五輪代表メンバーがほぼ見えた。残る枠の選考は首脳陣の眼力が問われる (2ページ目)
橋岡が浦和レッスを離れ、日本人選手が多数プレーするシント・トロイデンに移籍したのは今年の初め。シーズン途中の移籍だったが、3月6日のシャルルロワ戦から、右サイドバック、あるいは右ウイングバックとして、スタメンフル出場を続けた。シント・トロイデンはベルギーリーグ15位。三好が所属するアントワープ、伊東純也が所属するゲンクに比べると、チームのレベルは大きく落ちる。そこをどう評価するかだが、森保一監督は、今回U―24 のみならず、日本代表にまで抜擢。まさに2階級特進の勢いで、遠藤渓太ともども、海外移籍を成功させた。
◆サッカー東京五輪代表メンバーを識者が大予想。18人はこうなる!
話は前後するが、注目されたオーバーエイジ枠に選ばれた3人は、吉田麻也(サンプドリア)、酒井宏樹(マルセイユ)、遠藤航(シュツットガルト)の3人だった。いずれも低い位置で構える守備的な選手である。この決定をしたのは、森保監督なのか。U-24の横内昭展監督のか。「金メダルを狙う」(森保監督)なら、この選考こそ最重要ポイントになる。誰を選ぶかでサッカーが大きく変わることは言うまでもない。議論は尽くされるべきだし、選者には結果に対する責任も発生する。
今回の五輪チームの、一番と言いたい問題は、監督の姿が鮮明でないことだ。森保監督なのか、横内監督なのか。今回、U-24日本代表と日本代表は日程が重なるため、U-24は横内氏が監督として采配を振るう。兼任監督としてスタートした森保監督だが、U-24の監督を満足に務める機会は、時間とともに激減。そうした流れの中で、オーバーエイジ枠という決断を下す時を迎えた。

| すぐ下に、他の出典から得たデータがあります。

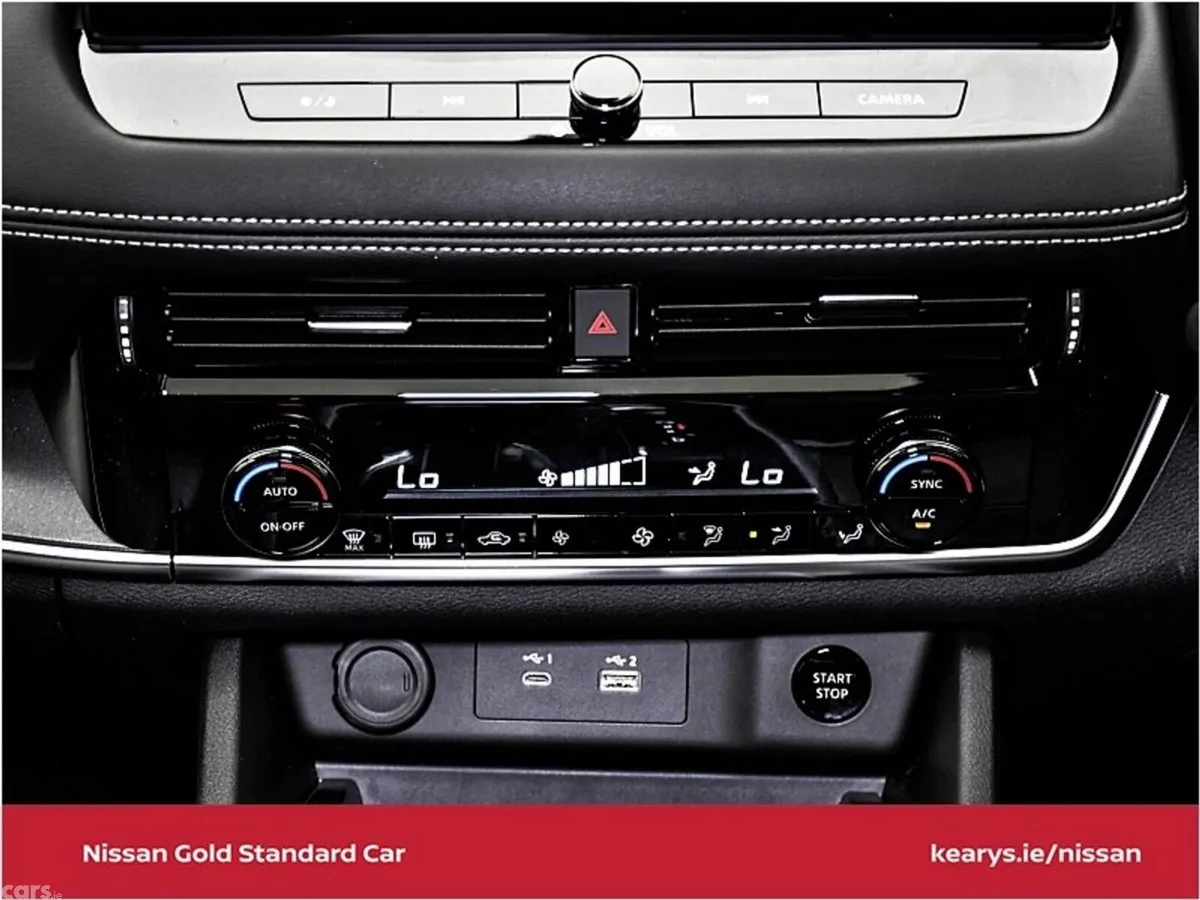 Nissan X-Trail SUV, Petrol Hybrid, 2024, Gold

自国開催の五輪だ。開催に否定的な国民が多数を占め、さして盛り上がっているようには見えないものの、今回は一大事である。不成績を収めることは許されない。
その覚悟が、今回のメンバー発表の会見から窺えたかといえば、ノーだ。3人を選んだ理由について、丁寧な説明はなかった。
今季、ブンデスリーガで大した活躍ができていないとはいえ、大迫勇也(ブレーメン)は、3人の中に加えるべきか否か、悩まなくてはならない選手になる。林大地(サガン鳥栖)、前田大然(横浜F・マリノス)、上田綺世(鹿島アントラーズ)、田川亨介(FC東京)という、今回選ばれたU-24の前線の顔ぶれを見渡せば、ボールを収めることを得意にする選手はいない。